Description of my work in relation to “Shifting Baselines”

“Among other aspects of daily Roman life which were shown by Plautus on stage, numerous religious practices are a discernable part of his plays. This is no coincidence, as rituals were an essential component of Roman everyday life. They were regulated by law and an important part of all events, concerning both the private as well as the public sphere. Focusing on the fact that rituals consist of verbal and physical elements, which have to be contextualized accordingly, and considering that they evoke certain cognitive and emotional aspects in the people involved, my research concentrates on drama-inherent performative elements as well as on questions related to the concrete reception processes in the frame of the Roman ludic theatre. The concept of resonance offers a new and comprehensive approach to this problem and opens up new perspectives on the role of rituals in the theatre of Plautus, be it on the level of theatric performance or regarding the question of the contemporary recipients.
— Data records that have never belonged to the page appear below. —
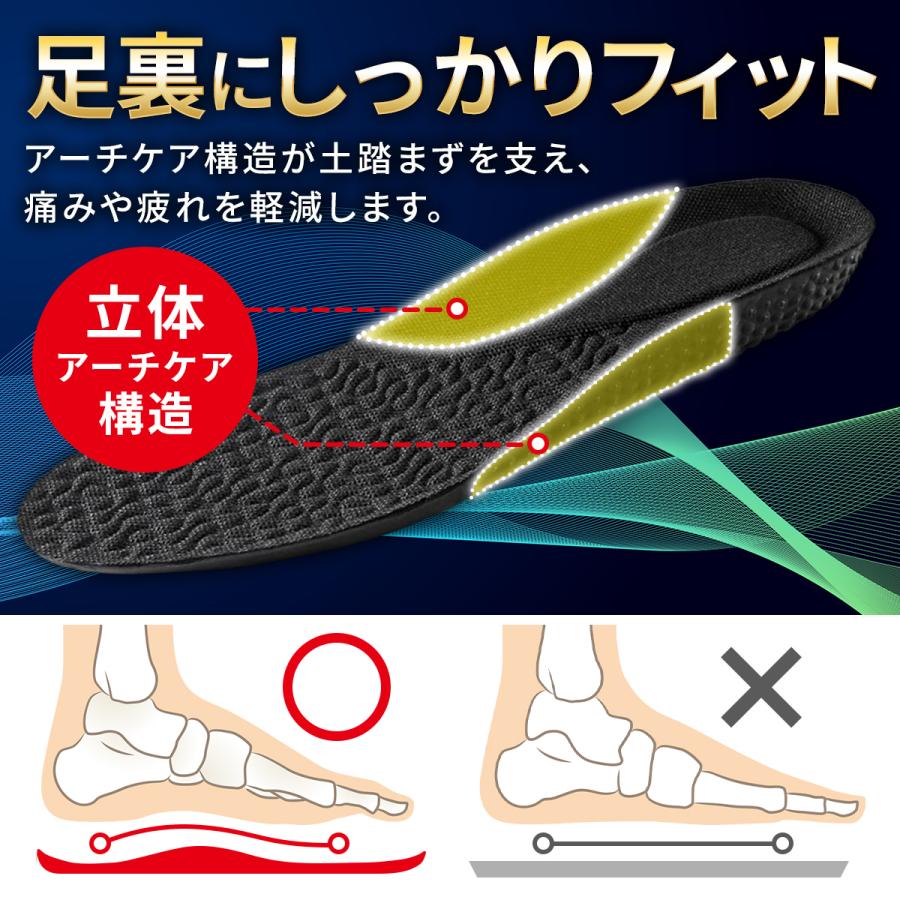 セール インソール 衝撃吸収 かかと 中敷き 2足セット スポーツ 疲れない 靴 アーチサポート 扁平足 土踏まず こども 足底筋膜炎 消臭 |  | 12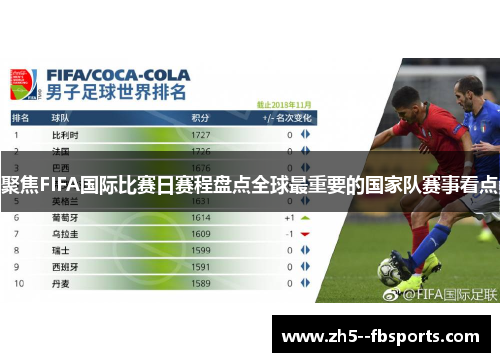 聚焦FIFA国际比赛日赛程盘点全球最重要的国家队赛事看点 聚焦FIFA国际比赛日赛程盘点全球最重要的国家队赛事看点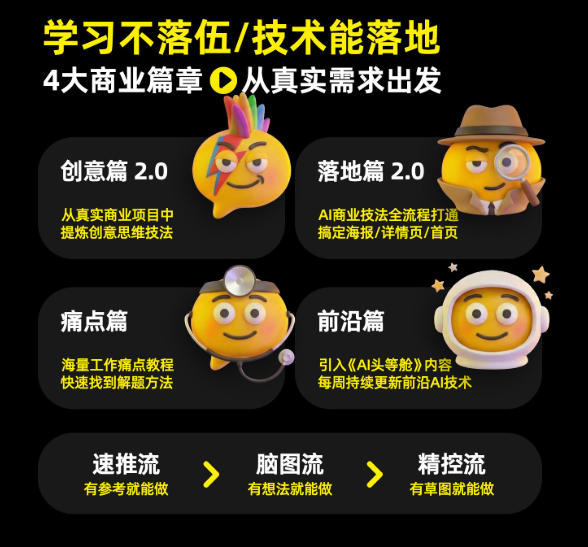 d6ad2bfbe53cd079b2d9a11a2c91d93e.jpeg 电商头等舱2026新课,当AI把执行变得廉价,理解真实商业需求,将成为价值核心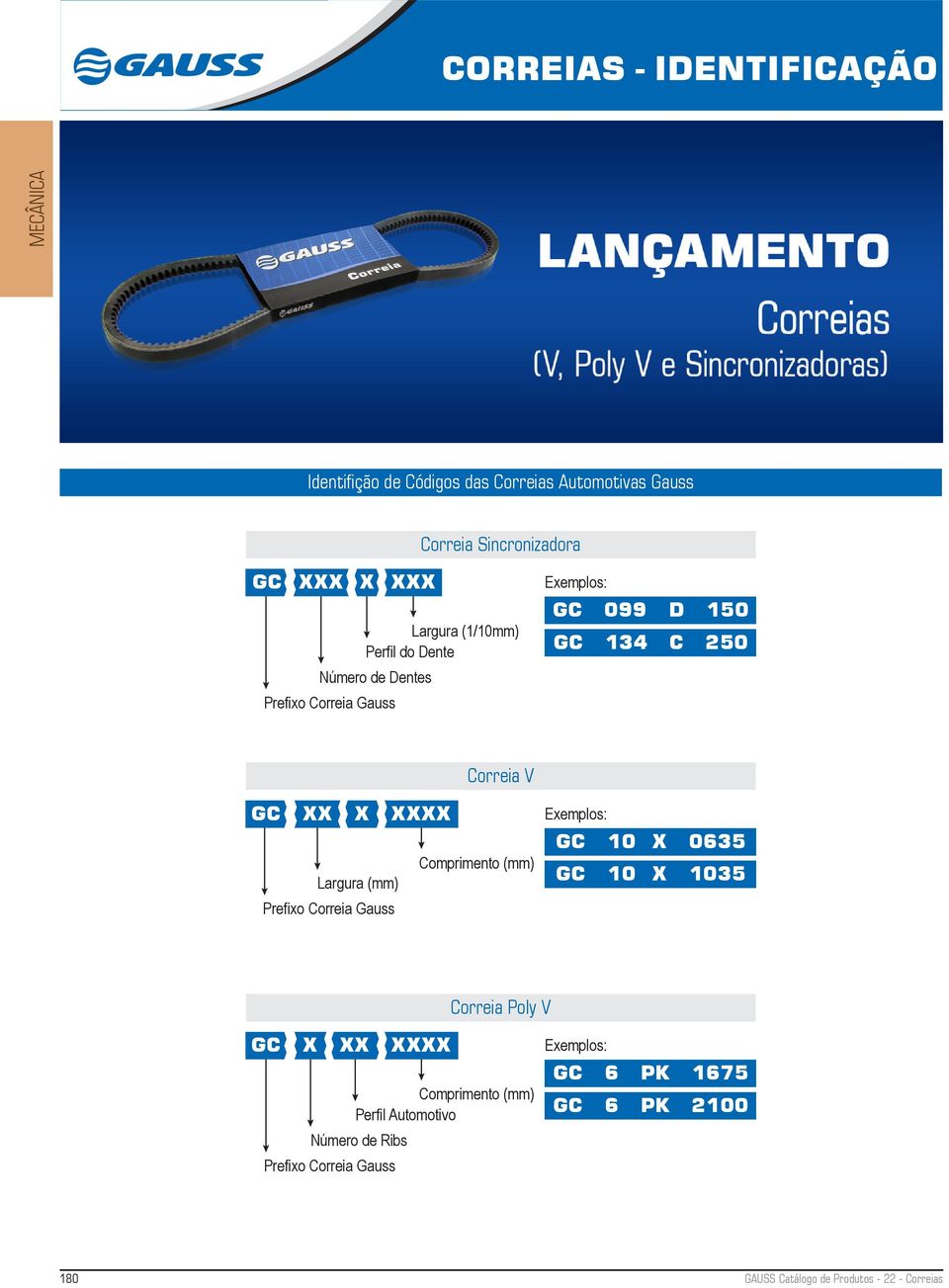 Comprimento (mm) Largura (mm) Prefixo Correia Gauss Exemplos: GC 10 X 0635 GC 10 X 1035 Correia Poly V GC X XX XXXX Comprimento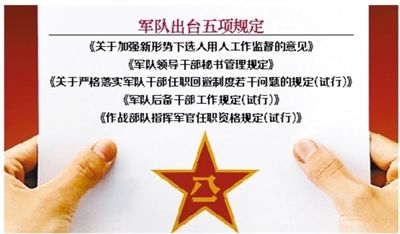 近日，部隊發(fā)布專門針對干部選拔任用工作監(jiān)督管理的五項規(guī)定。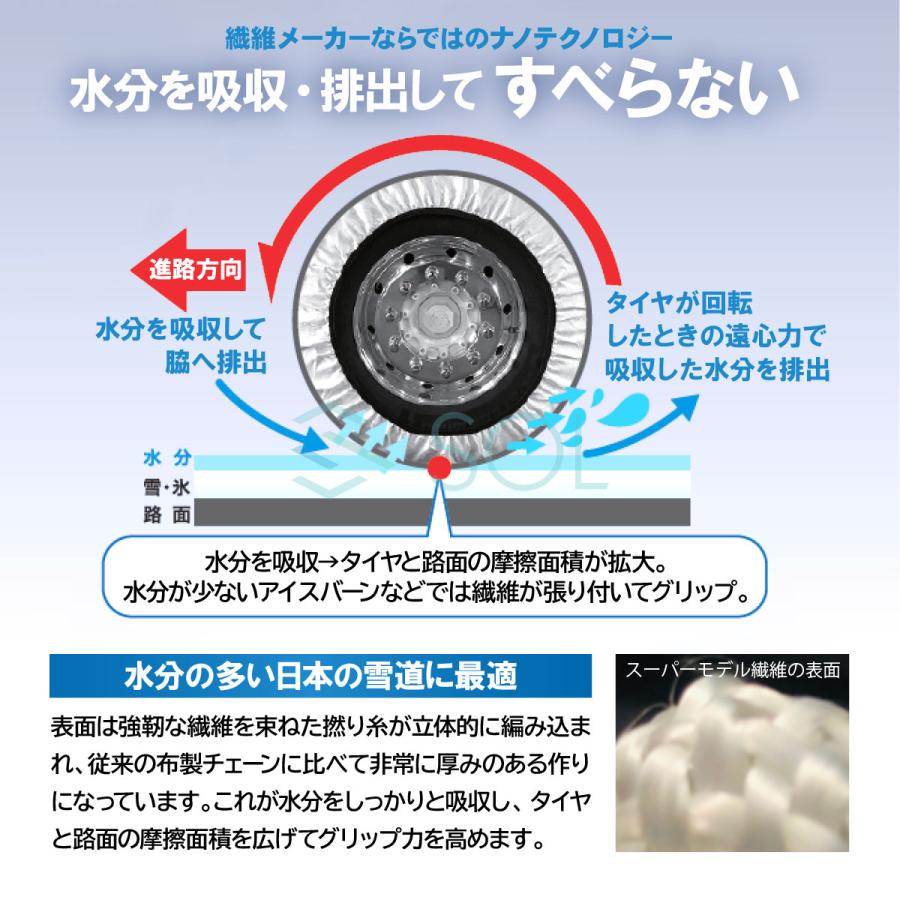 ISSE 日本正規代理店 特許取得 イッセ スノーソックス 滑らない タイヤチェーン サイズ70 ランドクルーザー オデッセイ エクストレイル｜solltd4｜03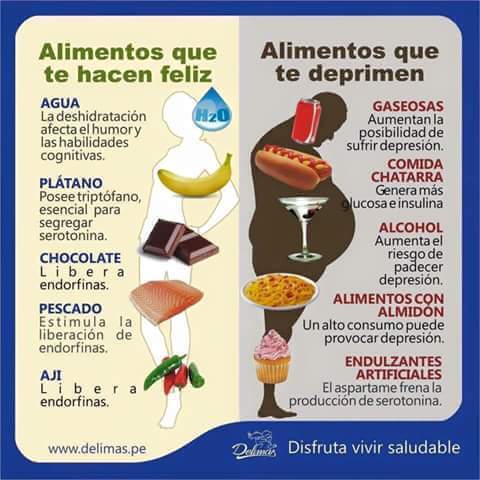 FitnessBelleza's tweet photo. Alimentos que te hacen feliz. https://t.co/btHqikUJJ5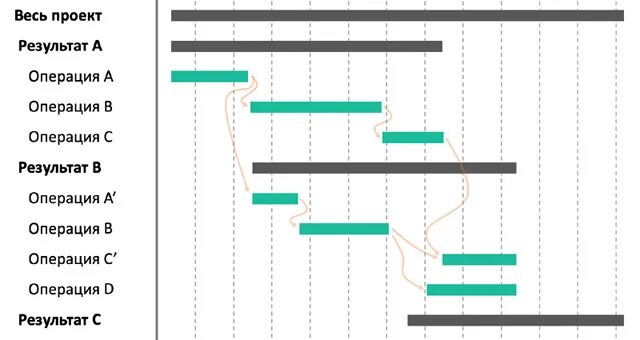 Что служит вертикальной осью диаграммы гант. Диаграмма Ганта управление проектами. Диаграмма Ганта график проекта. Диаграмма Ганта в проектном менеджменте это. Диаграмма Генри Ганта.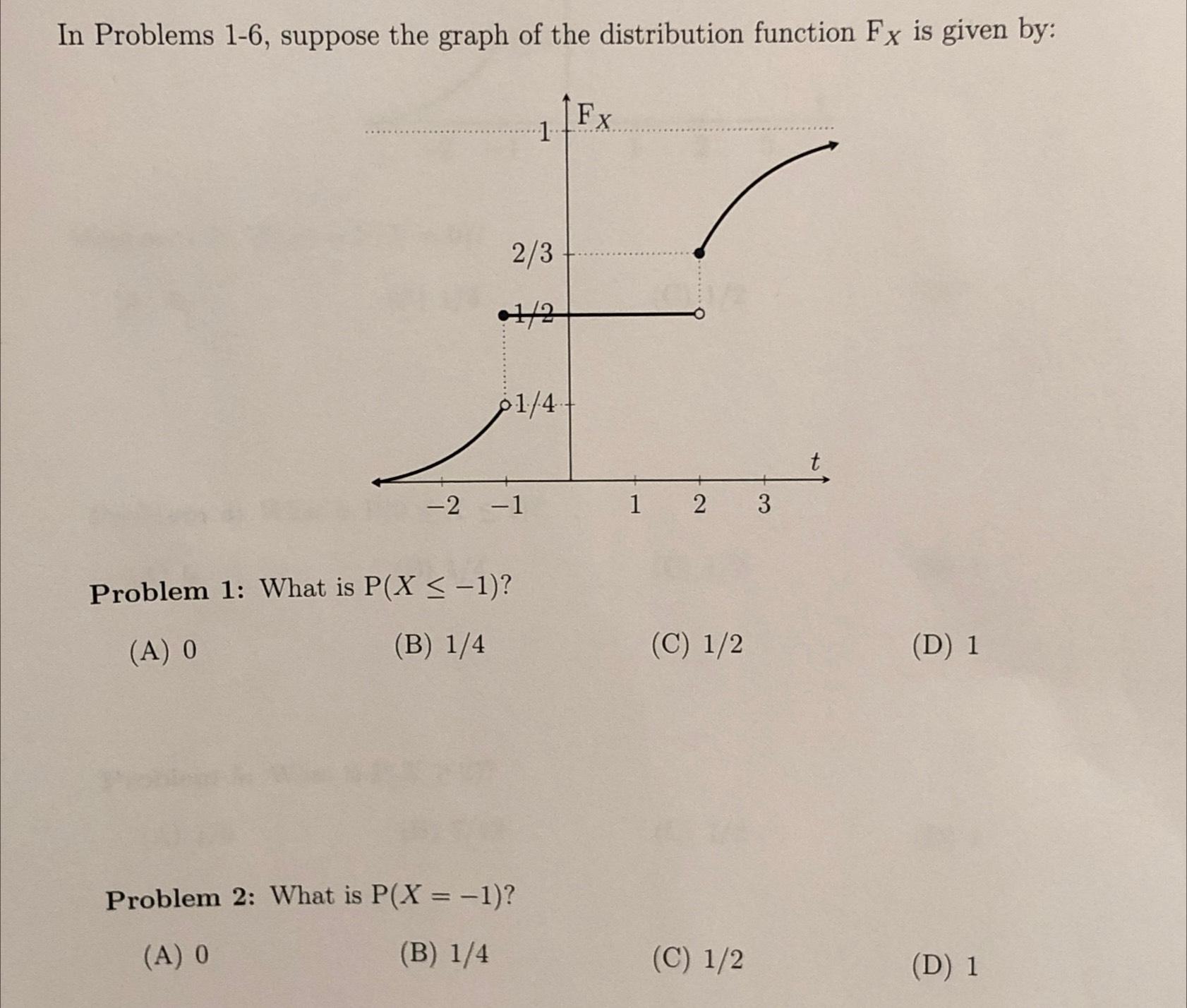 Solved In Problems 1-6, ﻿suppose The Graph Of The | Chegg.com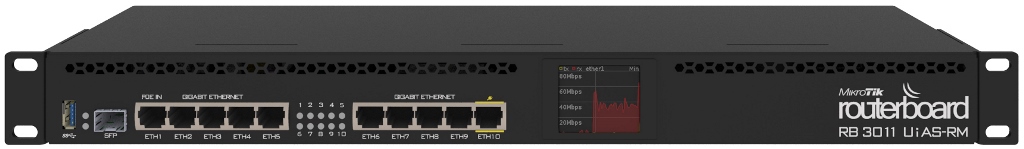 ROUTER GLAN POE 10P.( 1P+)+1 SFP MIKROTI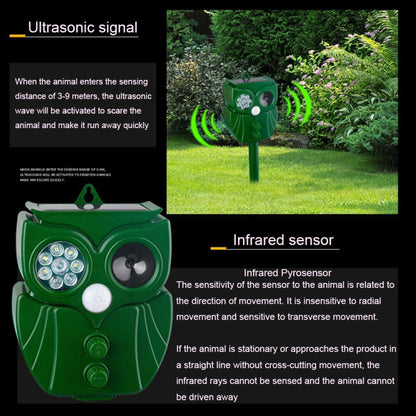 14LEDs Solar Ultrasonic Rat Repeller Outdoor Multifunctional Infrared Sensor Repeller - Outdoor Insect Repellent by PMC Jewellery | Online Shopping South Africa | PMC Jewellery | Buy Now Pay Later Mobicred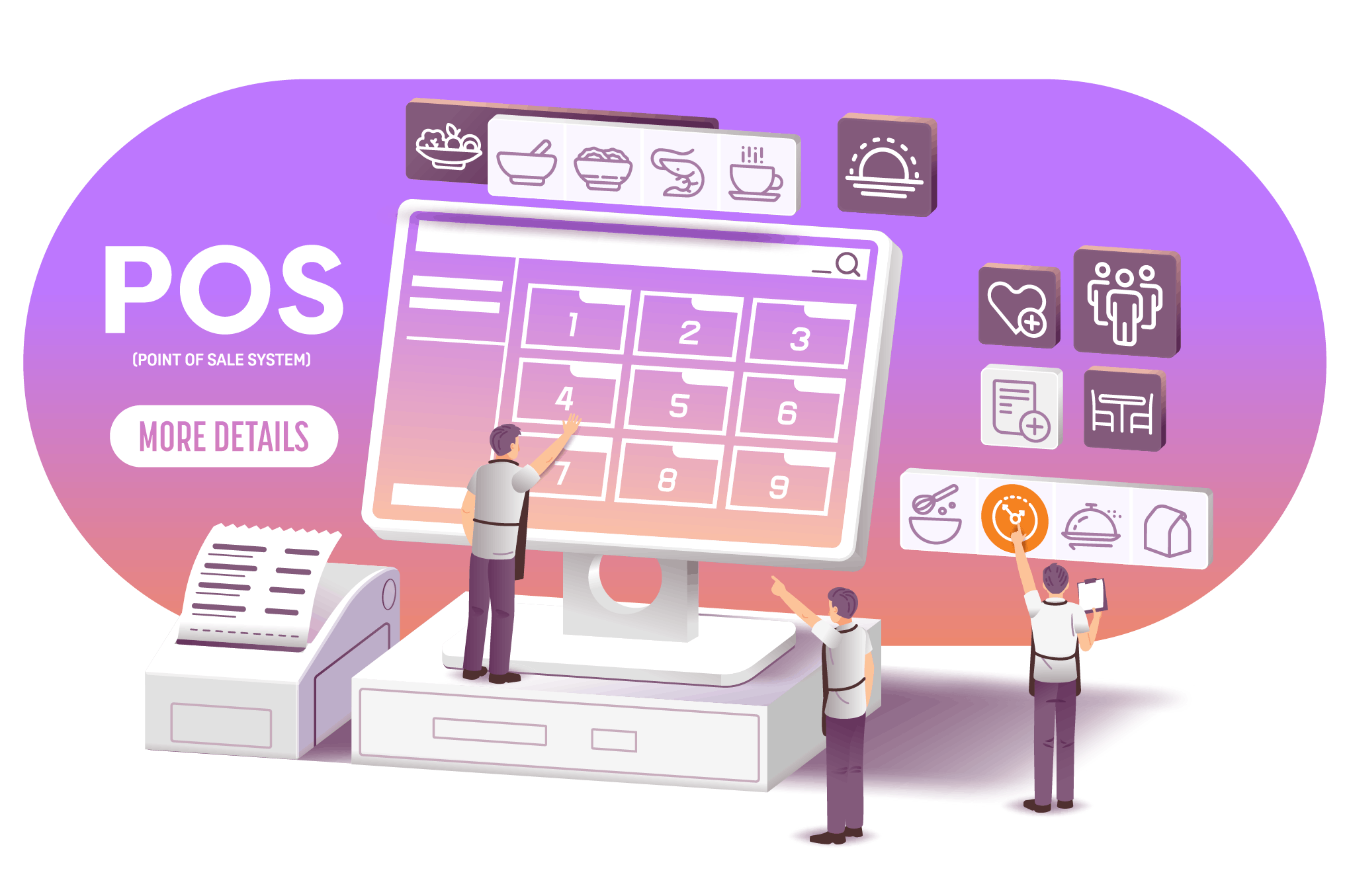POS processes
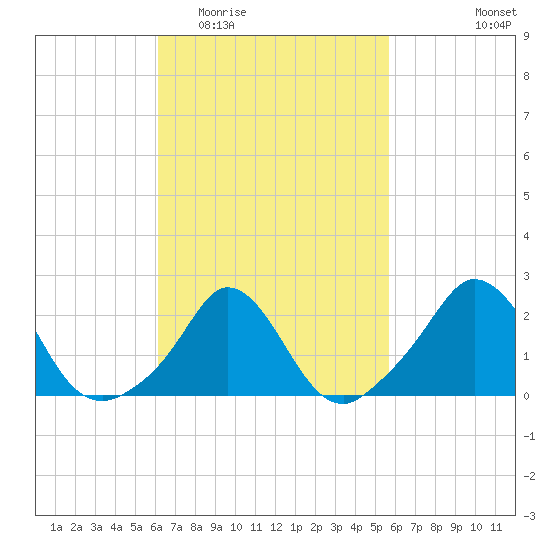 Squibnocket Point tide chart for Sunday, March 6, 2022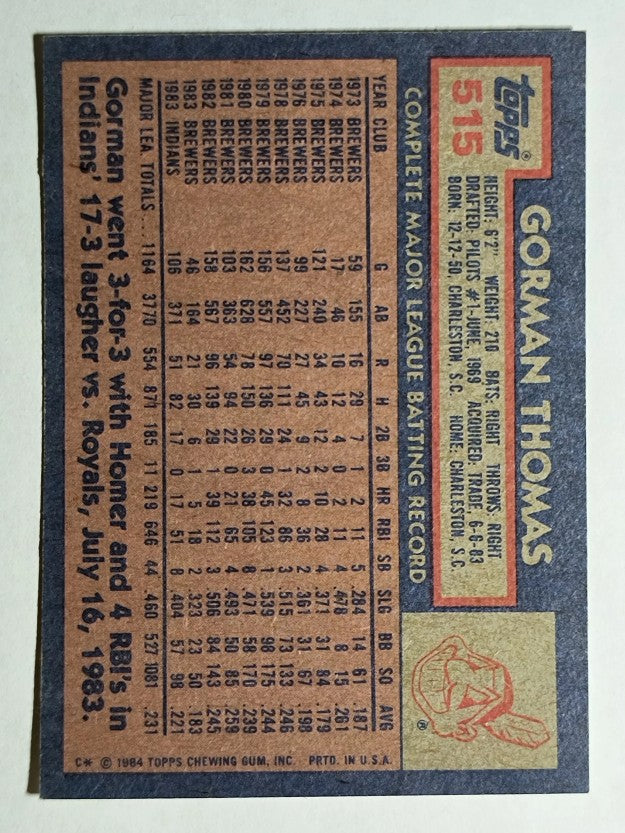1984 Topps #515 Gorman Thomas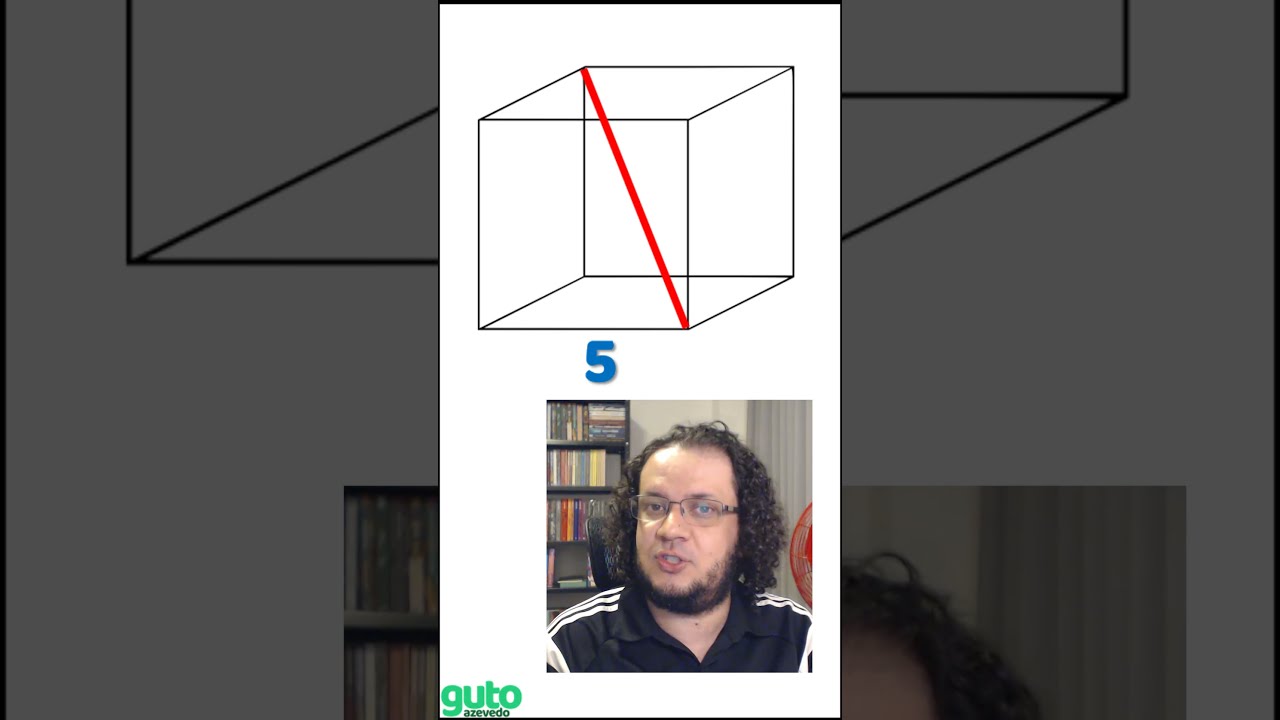 Como calcular a diagonal do cubo? Qual é a fórmula da diagonal do cubo? #shorts #gutoazevedo
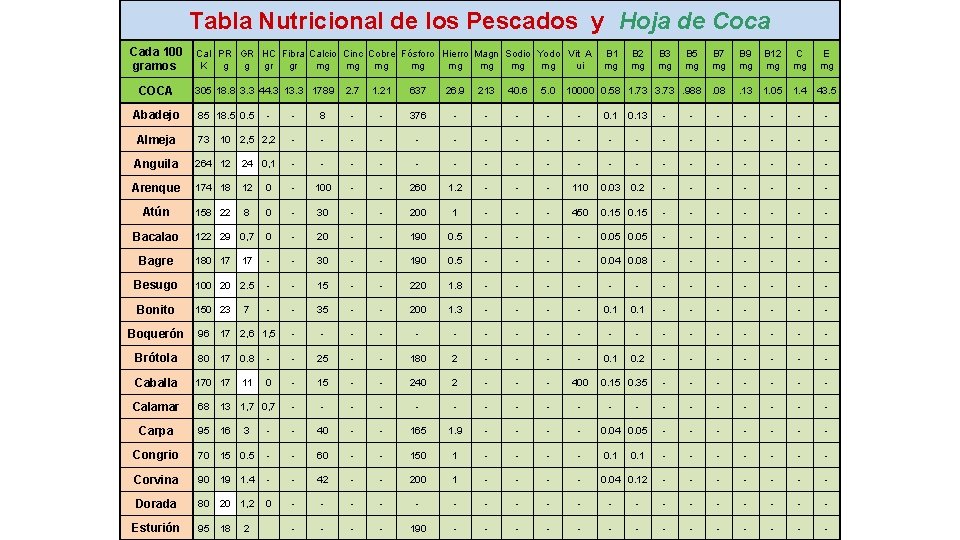 Tabla Nutricional de los Pescados y Hoja de Coca Cada 100 gramos COCA Abadejo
In the time of the mid-Republic, when Rome became not just a relevant, but the dominant political, military as well as cultural factor in the Mediterranean, it came into direct contact with other cultures of the region. As a result, new cultural nodes were formed and new perspectives, practices and cognitive horizons established. Roman literature in general and specifically the comedies of Plautus arose from one of these intertwining points of different cultural influences. The staged plays of Plautus with their everyday character therefore offer an insight into how gradual, imperceptible changes led to shifting baselines in the Roman culture at a time when not only its military and political machinery, but also its cultural sphere – often through appropriation of foreign elements – established hegemony over the ancient Mediterranean.”